17 Feb 2018-16 Feb 2019

A monthly Saturday Reading Group for all, exploring Iniva's library collection.

Join us in the Stuart Hall Library for our monthly Saturday Reading Group facilitated by Senior Library Assistant Lexi Frost.

Readings are selected from requests and suggestions made in advance by attendees, and draw upon the rich, wide-ranging collections of the Stuart Hall Library, which holds a unique collection of diasporic material and postcolonial writings from all over the globe.

We will be exploring texts from books on non-western critical theory with a political and international focus, as well as articles, short essays and zines on contemporary art and visual culture.

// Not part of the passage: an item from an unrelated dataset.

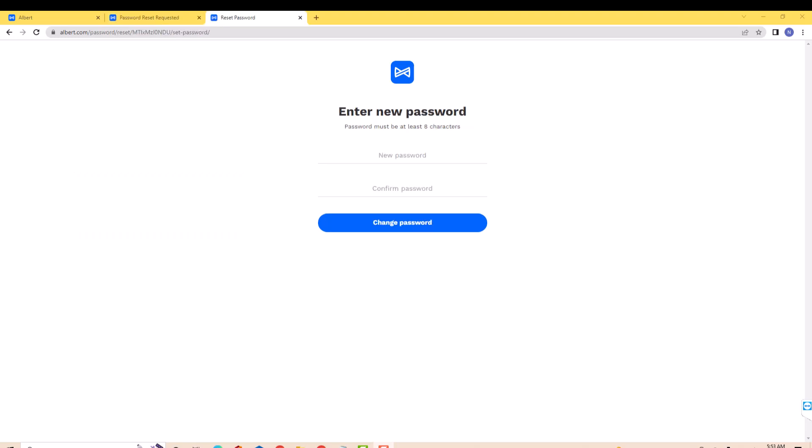On the first field, enter the new password you wish to use. Then confirm new password on the next field. After that, click on change password.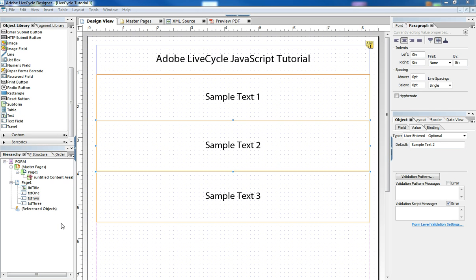Hi, Nathan here again with another LiveCycle tutorial. In this tutorial I'd like to show you how to use JavaScript to trick your form at runtime to give back the user some of the empty white space they may have.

This is an informal event where reading takes place together, so you don’t need to read anything in advance.

 

We usually meet on the third Saturday of the month, between 15:00 and 17:00 in the library. Please see the individual event pages for booking details. The reading group is free and open to all.

 

The reading group list is below, including past and future reading material. We welcome new suggestions. Email library@iniva.org if you would like to make a recommendation for reading.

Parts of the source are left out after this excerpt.